TASK ITEM
Further down are entries; set down exactly and only the lines from the one with "High-Definition Ear Wax" up to and including the one with "File:Achalasia (Radiopaedia 47147-51685", dropping each picture.

Start of SUPPLIED DATA

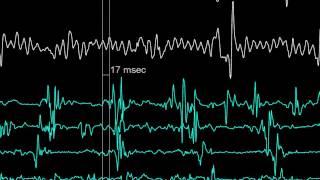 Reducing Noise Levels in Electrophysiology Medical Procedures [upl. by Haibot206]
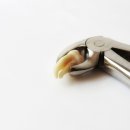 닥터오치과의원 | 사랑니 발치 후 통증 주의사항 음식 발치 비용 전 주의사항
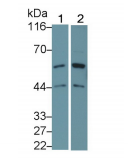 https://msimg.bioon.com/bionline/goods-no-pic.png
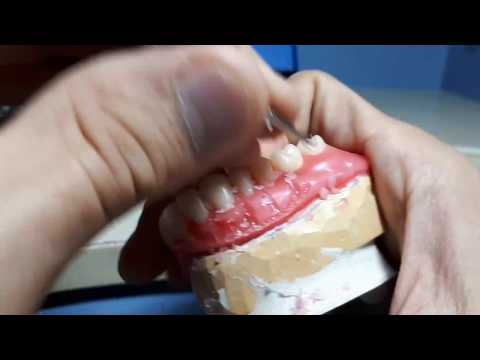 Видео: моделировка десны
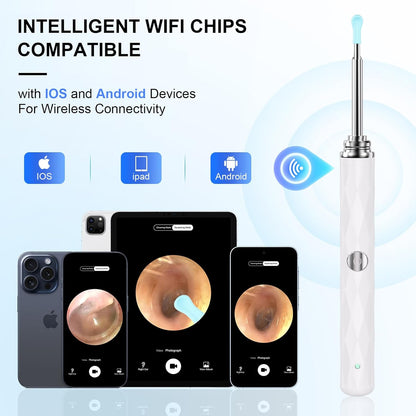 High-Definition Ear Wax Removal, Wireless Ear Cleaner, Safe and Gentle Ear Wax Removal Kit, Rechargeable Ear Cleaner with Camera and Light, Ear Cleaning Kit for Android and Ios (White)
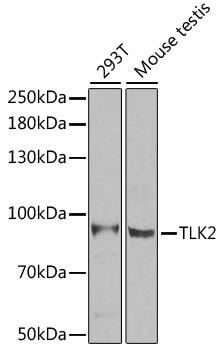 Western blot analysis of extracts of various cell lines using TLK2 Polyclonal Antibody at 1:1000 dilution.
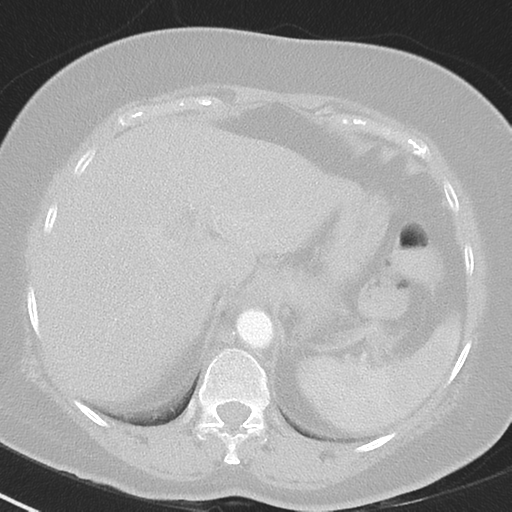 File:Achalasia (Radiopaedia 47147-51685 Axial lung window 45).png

End of SUPPLIED DATA
Start of SUPPLIED DATA

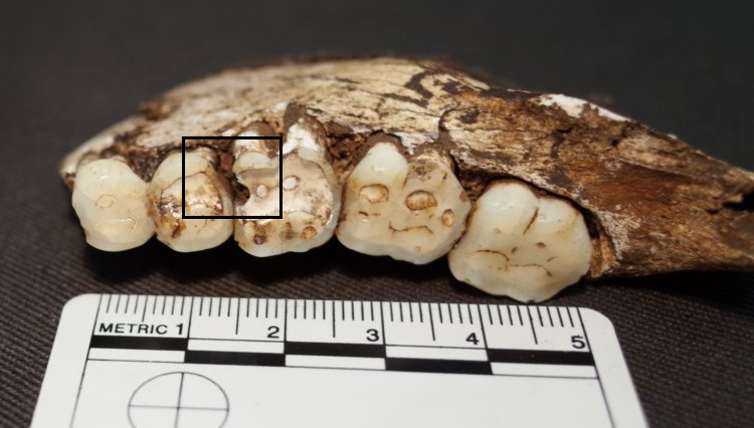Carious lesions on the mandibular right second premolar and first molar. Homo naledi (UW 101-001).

End of SUPPLIED DATA

RESPONSE AREA
 High-Definition Ear Wax Removal, Wireless Ear Cleaner, Safe and Gentle Ear Wax Removal Kit, Rechargeable Ear Cleaner with Camera and Light, Ear Cleaning Kit for Android and Ios (White)
 Western blot analysis of extracts of various cell lines using TLK2 Polyclonal Antibody at 1:1000 dilution.
 File:Achalasia (Radiopaedia 47147-51685 Axial lung window 45).png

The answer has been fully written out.